***** EXCERPTED DATA *****
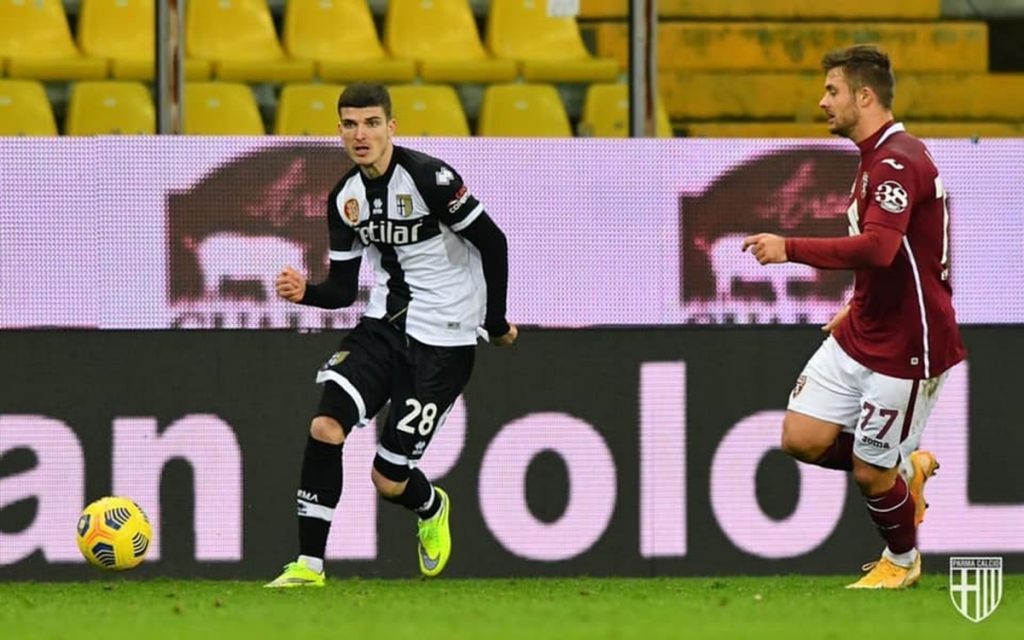 Primul mare examen al lui Mihăilă la Parma! Toți își pun speranța în el, în meciul contra liderului Inter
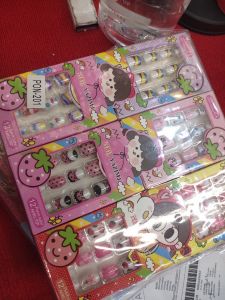 Kuku palsu anak 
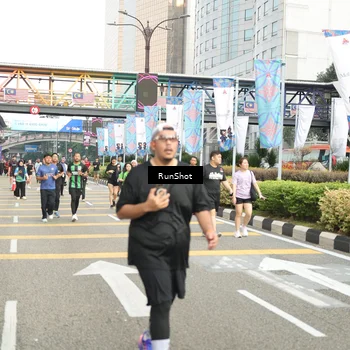 Runner Photo 4777472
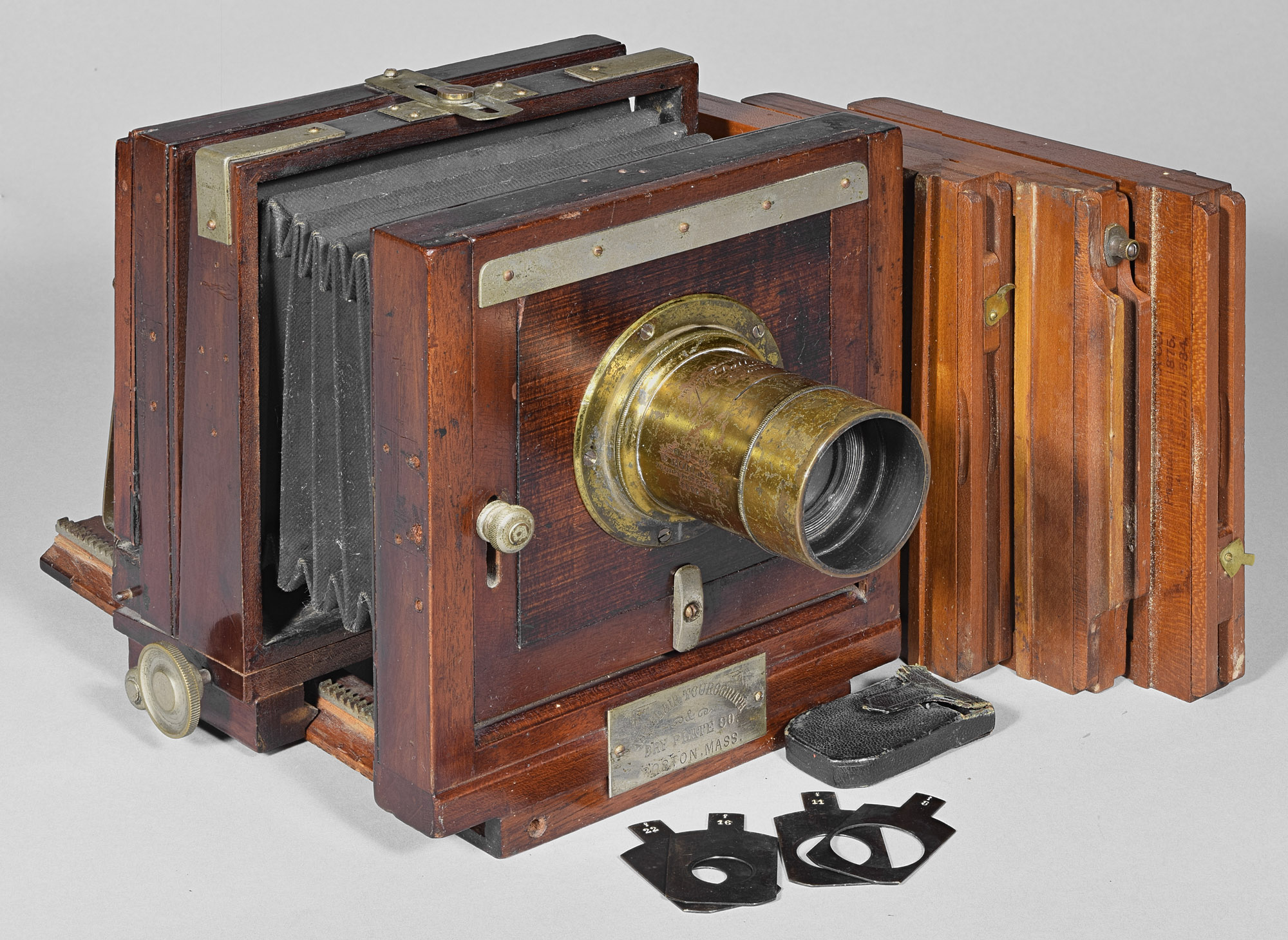 1446.blair.dp&film.co.-cincinnati.rb.view.var.1.5-4x5-a-w.stops&holders-2000.jpg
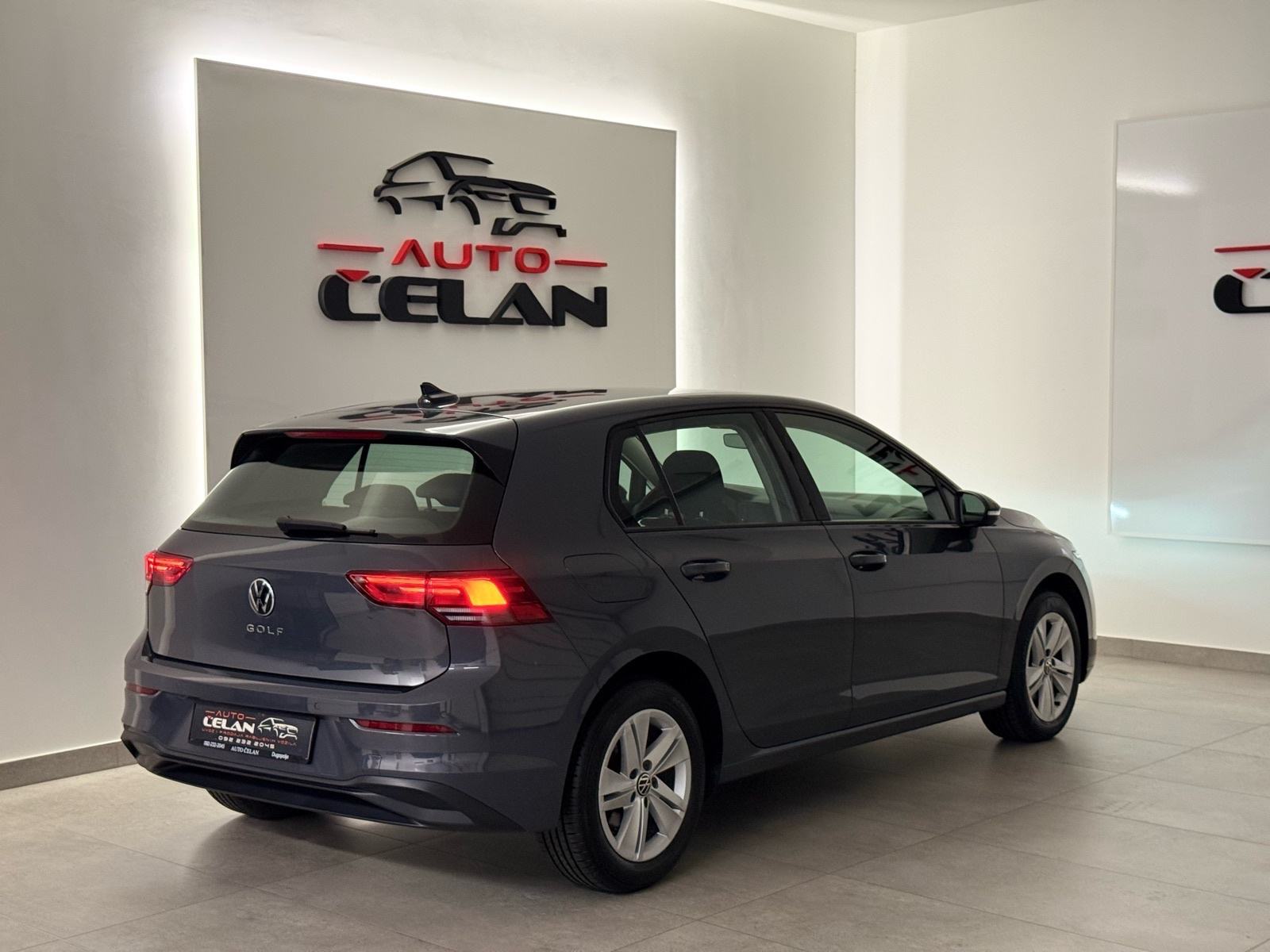 VW Golf 8 2,0 TDI Mod.2021⭐️Jamstvo⭐️Acc_Alu~Pdc_Ambient Light, fotografija 14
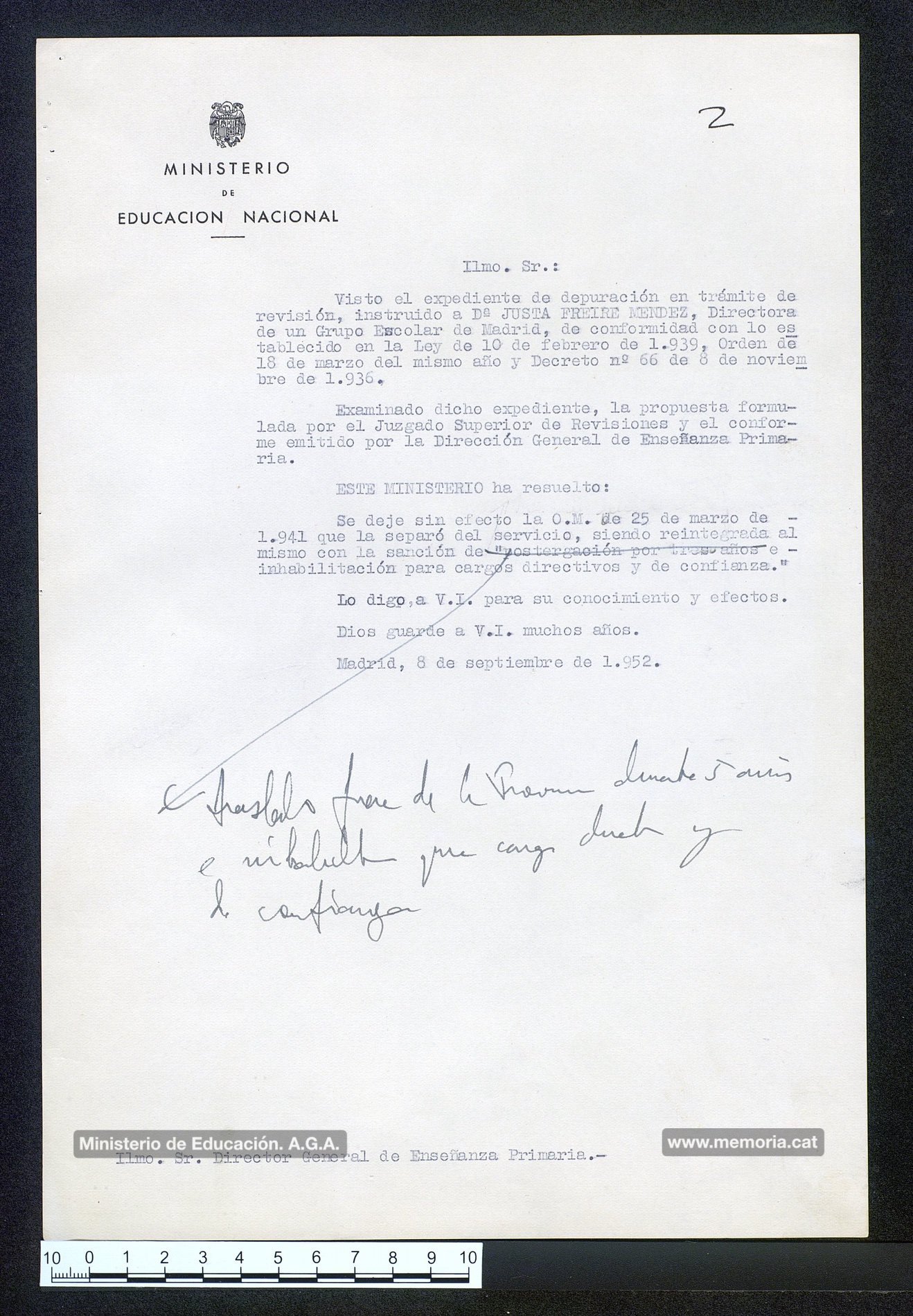 8/9/1952: resolució del ministeri d’Educació sobre la revisió de l’expedient de depuració: la frase “postergación por tres años” apareix tatxada i, al seu lloc i en llapis s’hi pot llegir “traslado fuera de la provincia durante 5 años e inhabilitada para cargos directora de confianza”. (Archivo General de la Administración).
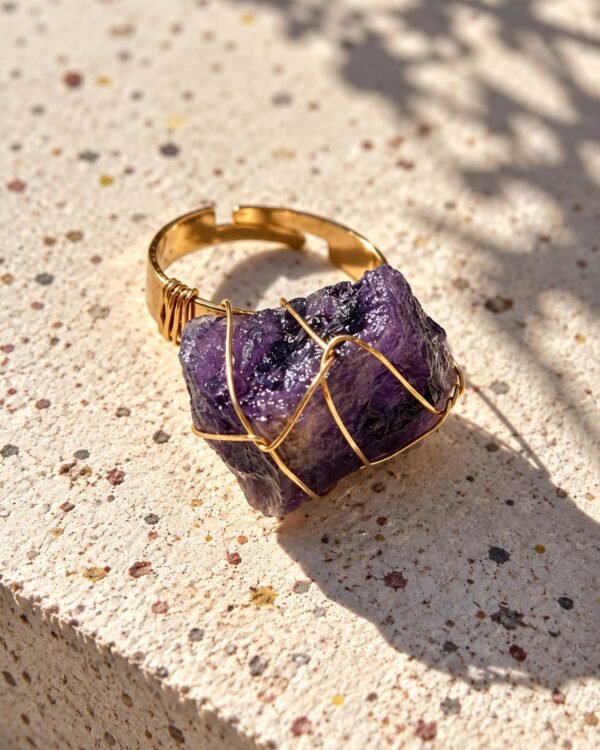 Bague roche améthyste Intuition en améthyste brute au soleil sur pierre mouchetée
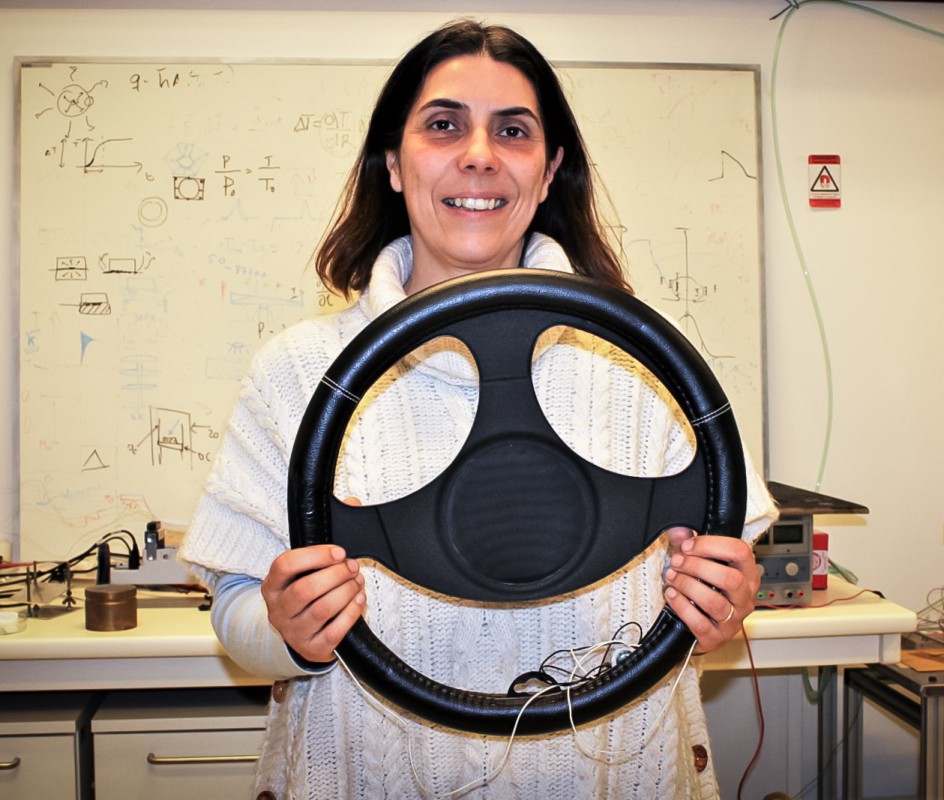Helena Alves creates electronic textile for intelligent steering wheel Helena Alves creates electronic textile for intelligent steering wheel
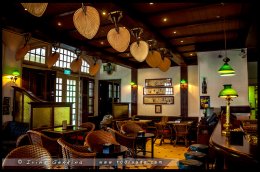 Лонг Бар, Long bar, Отель Раффлз, Raffles Hotel, Сингапур, Singapore Лонг Бар, Long bar, Отель Раффлз, Raffles Hotel, Сингапур, Singapore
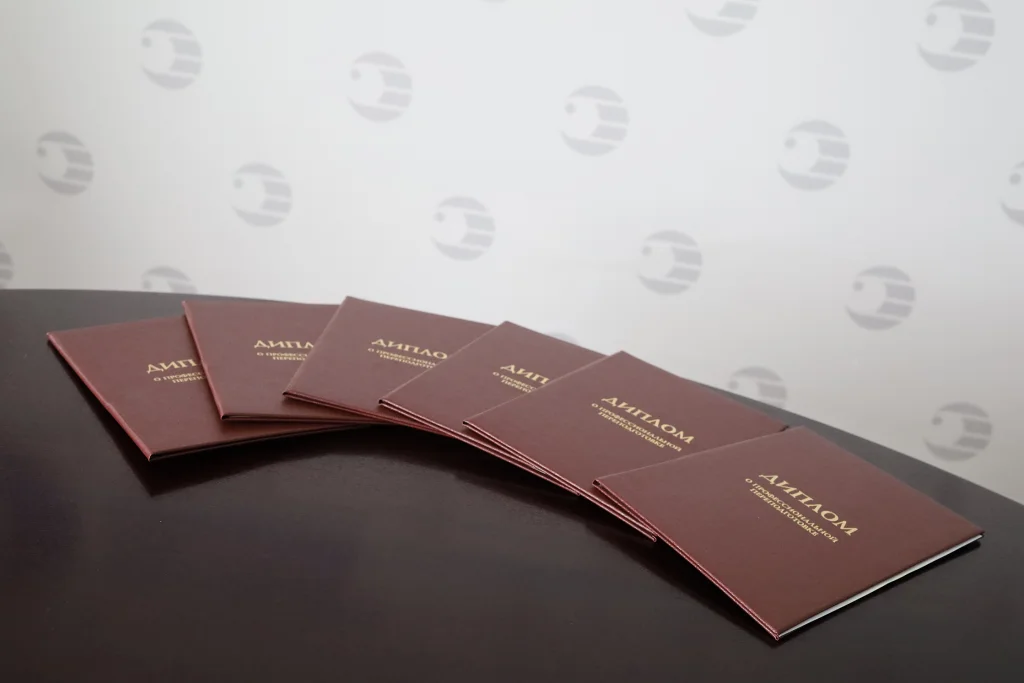 Калужская сбытовая компания инвестирует в развитие сотрудников: шесть специалистов получили дипломы МЭИ
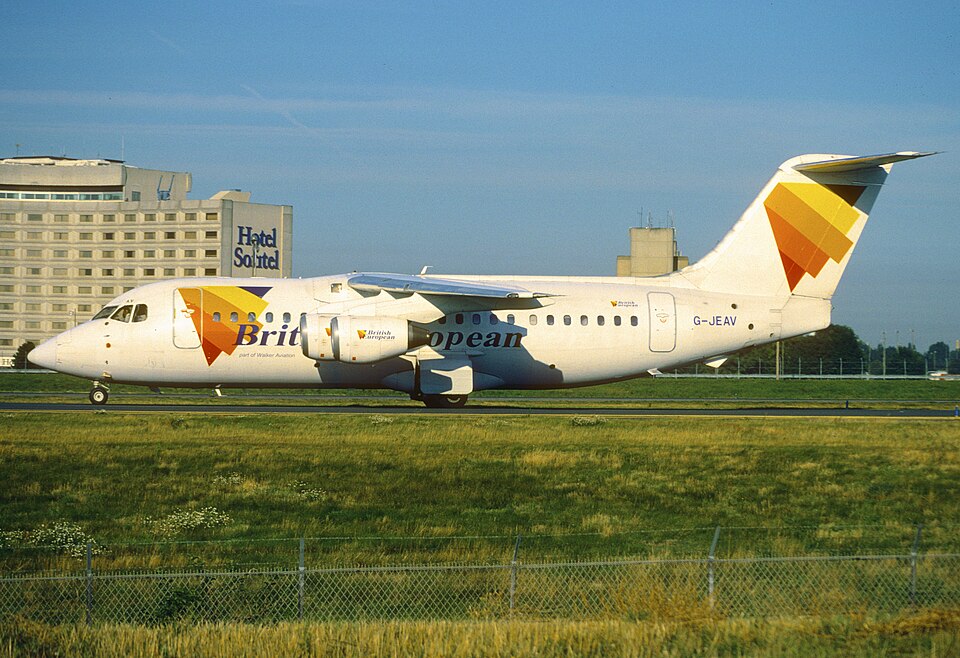 Aircraft registered G-JEAV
*****
Starting with the line containing "steering wheel Helena" and ending with the last line of the records above, write out each line exactly; no pictures.

*RESULT*
Helena Alves creates electronic textile for intelligent steering wheel Helena Alves creates electronic textile for intelligent steering wheel
 Лонг Бар, Long bar, Отель Раффлз, Raffles Hotel, Сингапур, Singapore Лонг Бар, Long bar, Отель Раффлз, Raffles Hotel, Сингапур, Singapore
 Калужская сбытовая компания инвестирует в развитие сотрудников: шесть специалистов получили дипломы МЭИ
 Aircraft registered G-JEAV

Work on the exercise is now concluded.